The results did not come as a surprise because the DetermaIO assay has been previously tested in a smaller cohort of patients with NSCLC at The West Clinic in Memphis, Tennessee.
It has also been tested in many other tumor types. Interestingly, this test appears to be predictive of response to immune checkpoint inhibitors in many different histologies and settings. For example, it was initially tested in breast cancer and has been useful in predicting pathological complete responses in the neoadjuvant treatment of patients with breast cancer with immunotherapy. It’s been studied in advanced metastatic bladder cancer, and it’s been studied by an Italian group in metastatic colorectal cancer in patients who have not been selected for their mismatch repair [MMR] gene status. That was an exciting study.
Our study was not a large study. One of the problems has been trying to find archival samples that have not exhausted their tumor content or their RNA. We screened many patients for our study and were eventually able to use 147 samples.
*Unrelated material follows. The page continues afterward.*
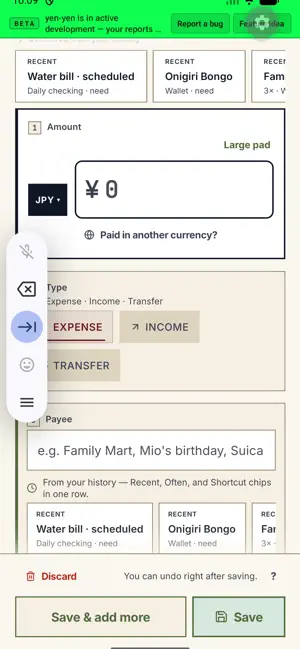 yen-yen: Kakeibo Budget App screenshot 3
The results were consistent with the previous smaller study done at The West Clinic and suggest that the IO test by itself can predict PFS. Interestingly, combining the DetermaIO test with the PD-L1 test in patients who have a PD-L1 score greater than 50% is more predictive than either the PD-L1 or DetermaIO tests by themselves. The utility of this test may be either on its own or in combination with PD-L1 or other biomarkers.
[We recruited] patients who had an ECOG PS of 0 to 2. The small number of patients in the study who had an ECOG PS of 2 were [more likely to be IO positive] and more likely to respond and have a better PFS than the patients who were IO negative. This was exciting because possibly up to 40% of patients with NSCLC may have an ECOG PS of 2, and historical data from prospective and retrospective studies have suggested that patients with an ECOG PS of 2 or higher are less likely to respond [to immunotherapy], so these patients are excluded from clinical trials.
The [phase 3] IPSOS trial [NCT03191786] suggested that selected patients with an ECOG PS of 2 [or higher] or comorbidities [including older] age may respond [to immunotherapy]. The DetermaIO test may be helpful for sorting out which of those patients with an ECOG PS of 2 may respond to these treatments.
We would like to explore the findings in the group with an ECOG PS of 2 and validate those with a larger study. The difficulty is trying to access tumor samples that have adequate nucleic acid content so we can do these studies. It will be important to try to validate that finding either in our group or other groups.
We’d also like to see the results of larger studies with other tumor histologies. Oncocyte, the company that has developed this assay, is going to [participate] in a large SWOG trial with triple-negative breast cancer in the neoadjuvant setting. It will be exciting to see if previous results can be validated in a larger prospective trial. That’s exciting for the assay.
We need more and better predictive biomarkers. Using more than 1 biomarker may be more useful in predicting responses to immune checkpoint inhibitors than a single biomarker by itself.
[Additionally,] we need to look more closely at the group of patients with an ECOG PS of 2. In both clinical trials and our practice, we’ve been excluding these patients from [receiving] immune checkpoint inhibitors. However, it’s possible that predictive biomarkers such as DetermaIO can help determine in which patients these agents could be used and which patients are more likely to respond [to immunotherapy].